Yazarın bütün yazıları için: Öykü Gürpınar

3 yorum

  1. Pingback: İTÜ Yönetiminden Tiyatro Kulübü’ne Turne Engeli | Mimesis

  2. Gılman Kahyaoğlu Tarih:

    Türkiyemiz’in en köklü ve saygın üniversitelerinin arasında yer alan İSTANBUL TEKNİK ÜNÜVERSİTESİ;Böyle bir KISITLAMA,YASAKLAMA yapamaz… BU KISITLAMAYA GİDEN SAYIN REKTÖR VE YARDIMCILARINI SAĞDUYUYA DAVET EDİYORUM…Yönetimin bu engellemesi dilerim ivedilikle kaldırılır ve gençlerimiz başarılarını sergileme olanağı bulurlar Aksi halde derhal imza kampanyası düzenlenerek Yönetim istifaya davet edilmelidir Esenlik dileklerimle

  3. Umut Tolga Özcivan Tarih:

    5 yıllık lisans eğitimim boyunca İTÜ Kültür Sanat Birliği’nden çektiğimi bir ben bilirim.
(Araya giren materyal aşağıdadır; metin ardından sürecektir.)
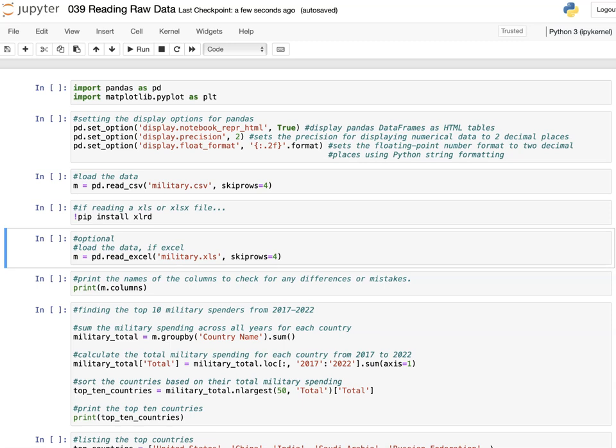Welcome back everyone. In this lesson we're going to take a look at reading in a spreadsheet raw file and just cleaning it and filtering out what we need. I have done similar exercises in the past, but many students have asked me to put together a video just for reading, cleaning, and filtering a file. We're going to do that here — this is going to be the military spending of the top ten nations in absolute dollar values.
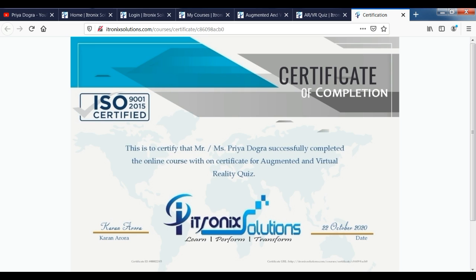So this is the whole process — how you can complete the quiz and get the certificate. You can get notifications for the latest free courses, free projects, and free quizzes. You can complete the quiz in 5 minutes and get the certification.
Öykü arkadaşımız İTÜ’nün kulüplere bakışını çok doğru bir şekilde açıklamış. Öğrenci kulüpleri sadece eğlenceli zaman geçirilmesi için oluşturulmuş yerler değildir, öncelikle bu fikre alışmaları gerekmektedir. Eğitimin sadece formüllerden ibaret olmadığı onun dışındaki faaliyetlerle birlikte edinilen vicdani ve sosyal sorumluluklar da eğitimin bir parçası olduğu gerçeğini herkesin kabul etmesi gerekiyor. Öğrenci kulüpleri salt eğlence yerleri değildir, öğrencinin vizyonunu, hayata bakışını toplumsal duyarlılığını, vicdani sorumluluklarını geliştirebileceği yerlerdir ve önemsenip destek verilmesi gerekmektedir. Buradan uzun uzun kulüpleri faydasını anlatmaya gerek de yok aslında. Kültür ve sanata bakış açısı şu ana kadarki başkanlardan biraz farklı olan birisi Kültür Sanat Birliği başkanı olsaydı eminim çok şey değişecekti. 5 yıllık lisans eğitimim sırasında altı tane Kültür Sanat Birliği eşbaşkanını tanıma fırsatım oldu, şunu söyleyebilirim ki hepsinin de sanata bakış açısı içler acısı. Kültür Sanat Birliği’ni tam bir işletme zihniyeti ile görüp yapılacak her türlü faaliyette mutlaka “sponsor” bulmamızın telkin eden başkanlar maalesef bu kurumun başına getirilmektedir. İTÜ de “güzel sanatlar bölümü” varken “Konservatuar” varken hala Kültür Sanat Birliği’nin başına “müteahit zihniyetli” mühendisleri atamak oldukça anlamsızdır. Aslında anlamsız dedim ama rektörün savunma teknolojileri kulübünün bol “sponsorlu”, “militarist” etkinliğini övdükten sonra verdiği “sponsor bulmayan kulübü yaşatmayacağım” demecinden sonra zihinlerde bazı anlamlar oluşmaya başlıyor. Neoliberal ekonomi modelini üniversite kulüplerrine kadar uygulama çabası ve bu modeli o kadar “normal” ve “olmazsa olmaz” bir model şeklinde sunulması okul yönetiminin zihniyetini bizlere açık bir şekilde göstermektedir. Tüm bu olanlara rağmen gene de güzel işler yapmaya çalışan arkadaşları kutlamak lazım. Abartmıyorum tüm bu tutumlara karşı taş olsa çatlar.
    Herşeye rağmen mücadeleye devam etmek gerekiyor sanırım.